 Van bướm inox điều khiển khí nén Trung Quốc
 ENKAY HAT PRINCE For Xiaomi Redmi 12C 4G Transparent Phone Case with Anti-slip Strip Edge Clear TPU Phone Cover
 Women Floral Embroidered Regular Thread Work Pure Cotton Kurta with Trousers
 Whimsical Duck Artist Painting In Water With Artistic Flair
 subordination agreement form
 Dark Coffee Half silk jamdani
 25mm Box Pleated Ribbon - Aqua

= = = = =

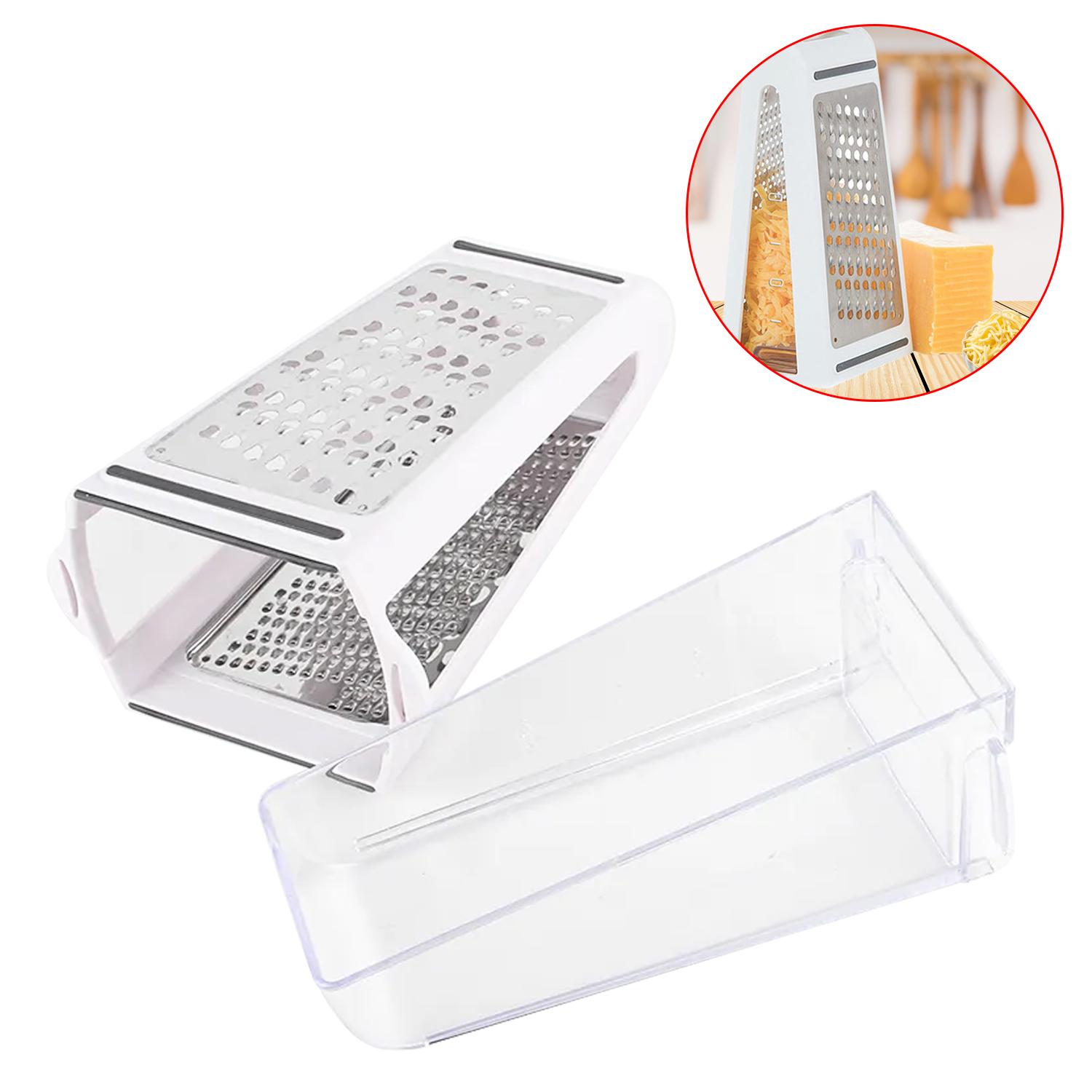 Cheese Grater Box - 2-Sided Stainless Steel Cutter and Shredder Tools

= = = = =

### [Exercise]
Could you restate, word for word, the lines above from the one with "Van bướm inox điều khiển khí nén Trung Quốc" to the one with "25mm Box Pleated Ribbon - Aqua", both included?

### [Expected answer]
 Van bướm inox điều khiển khí nén Trung Quốc
 ENKAY HAT PRINCE For Xiaomi Redmi 12C 4G Transparent Phone Case with Anti-slip Strip Edge Clear TPU Phone Cover
 Women Floral Embroidered Regular Thread Work Pure Cotton Kurta with Trousers
 Whimsical Duck Artist Painting In Water With Artistic Flair
 subordination agreement form
 Dark Coffee Half silk jamdani
 25mm Box Pleated Ribbon - Aqua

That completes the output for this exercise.